### Exercise aim:
Give all of the data below again exactly, and drop the images.

### Records for the task:
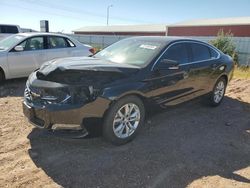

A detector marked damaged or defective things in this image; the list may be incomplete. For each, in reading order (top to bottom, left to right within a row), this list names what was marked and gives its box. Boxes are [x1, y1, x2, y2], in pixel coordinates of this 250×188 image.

crumpled hood [36, 55, 141, 85]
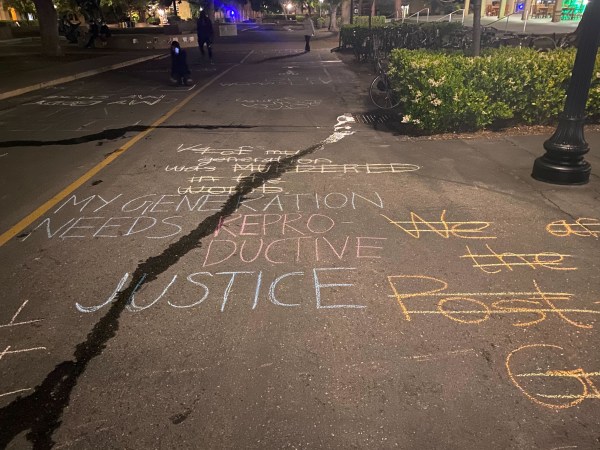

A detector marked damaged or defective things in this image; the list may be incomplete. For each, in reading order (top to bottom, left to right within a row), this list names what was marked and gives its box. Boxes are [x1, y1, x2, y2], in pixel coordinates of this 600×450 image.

crack in pavement [0, 115, 356, 446]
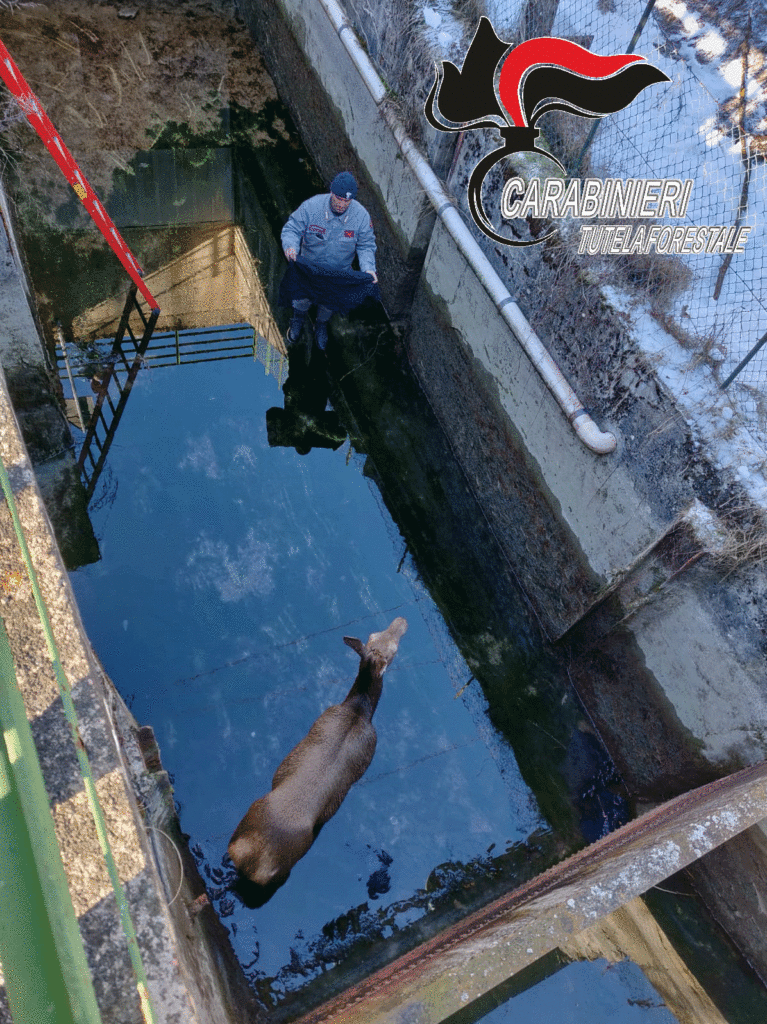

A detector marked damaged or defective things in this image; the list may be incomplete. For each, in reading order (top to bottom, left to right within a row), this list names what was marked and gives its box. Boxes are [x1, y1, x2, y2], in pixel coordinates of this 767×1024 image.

rusty metal beam [290, 761, 765, 1024]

### Expected answer:
A detector marked damaged or defective things in this image; the list may be incomplete. For each, in reading order (top to bottom, left to right within a row), this list names what was marked and gives its box. Boxes are [x1, y1, x2, y2], in pixel coordinates of this 250×188 image.

crumpled hood [36, 55, 141, 85]

A detector marked damaged or defective things in this image; the list may be incomplete. For each, in reading order (top to bottom, left to right within a row), this list names what was marked and gives its box. Boxes are [x1, y1, x2, y2], in pixel coordinates of this 600×450 image.

crack in pavement [0, 115, 356, 446]

A detector marked damaged or defective things in this image; the list may be incomplete. For each, in reading order (top to bottom, left to right within a row), this list names what was marked and gives its box. Boxes are [x1, y1, x2, y2], in pixel coordinates of this 767×1024 image.

rusty metal beam [290, 761, 765, 1024]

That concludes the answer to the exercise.